Probing the Hydrophobic Region of a Lipid Bilayer at Specific Depths Using Vibrational Spectroscopy.

Abstract

A novel spectroscopic approach for studying the flexibility and mobility in the hydrophobic interior of lipid bilayers at specific depths is proposed. A set of test compounds featuring an azido moiety and a cyano or carboxylic acid moiety, connected by an alkyl chain of different lengths, was synthesized. FTIR data and molecular dynamics calculations indicated that the test compounds in a bilayer are oriented so that the cyano or carboxylic acid moiety is located in the lipid head-group region, while the azido group stays inside the bilayer at the depth determined by its alkyl chain length. We found that the asymmetric stretching mode of the azido group (νN3) can serve as a reporter of the membrane interior dynamics.
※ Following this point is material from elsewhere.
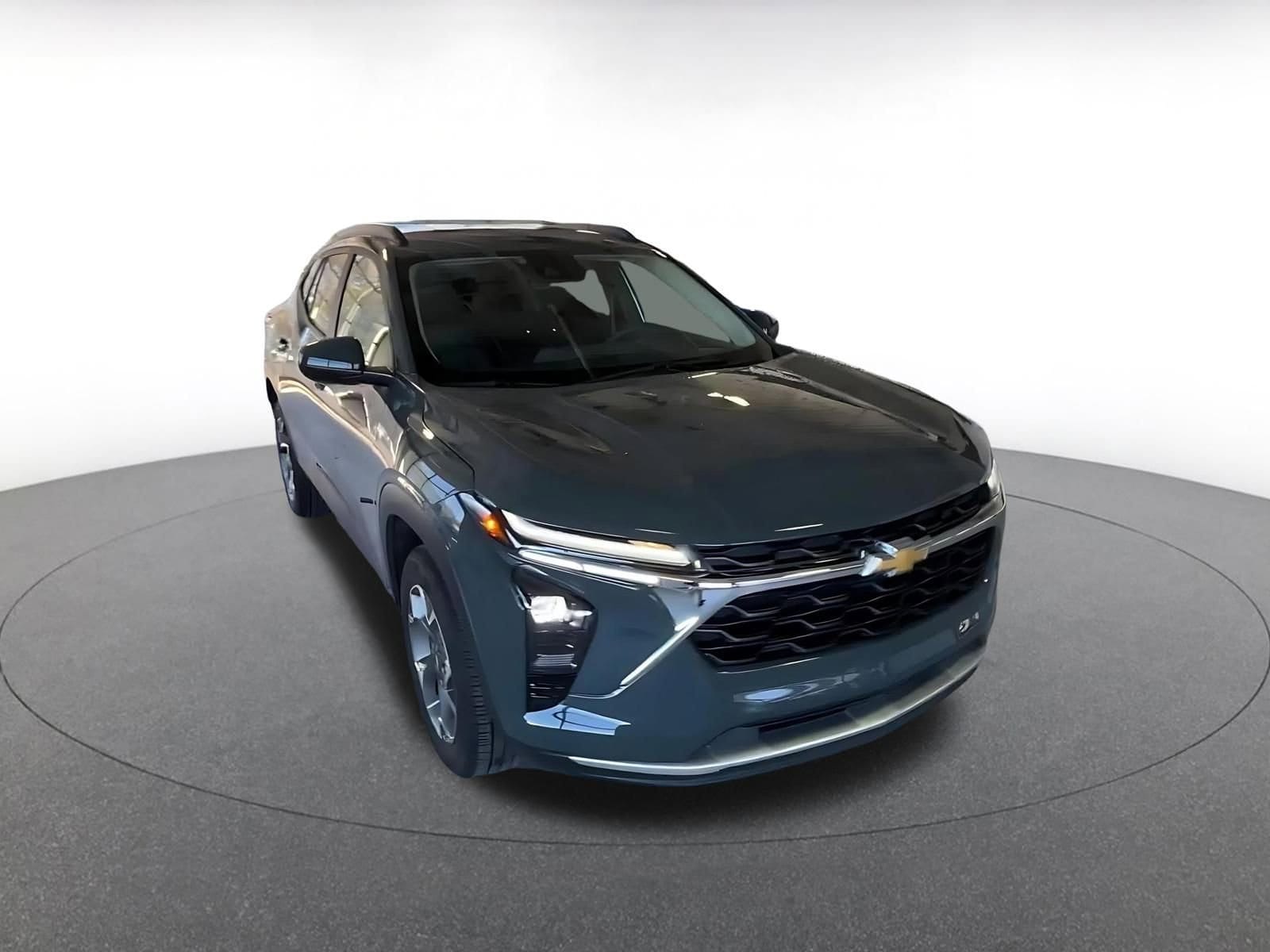 Thumbnail: 2025 Chevrolet Trax - 3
FTIR and two-dimensional infrared (2DIR) studies were performed at different temperatures, ranging from 22 to 45 °C, covering the Lβ-Lα phase transition temperature of dipalmitoylphosphatidylcholine (∼41 °C). The width of the νN3 peak was found to be very sensitive to the phase transition and to the temperature in general. We introduced an order parameter, SN3, which characterizes restrictions to motion inside the bilayer. 2DIR spectra of νN3 showed different extents of inhomogeneity at different depths in the bilayer, with the smallest inhomogeneity in the middle of the leaflet. The spectral diffusion dynamics of the N3 peak was found to be dependent on the depth of the N3 group location in the bilayer. The obtained results enhance our understanding of the bilayer dynamics and can be extended to investigate membranes with more complex compositions.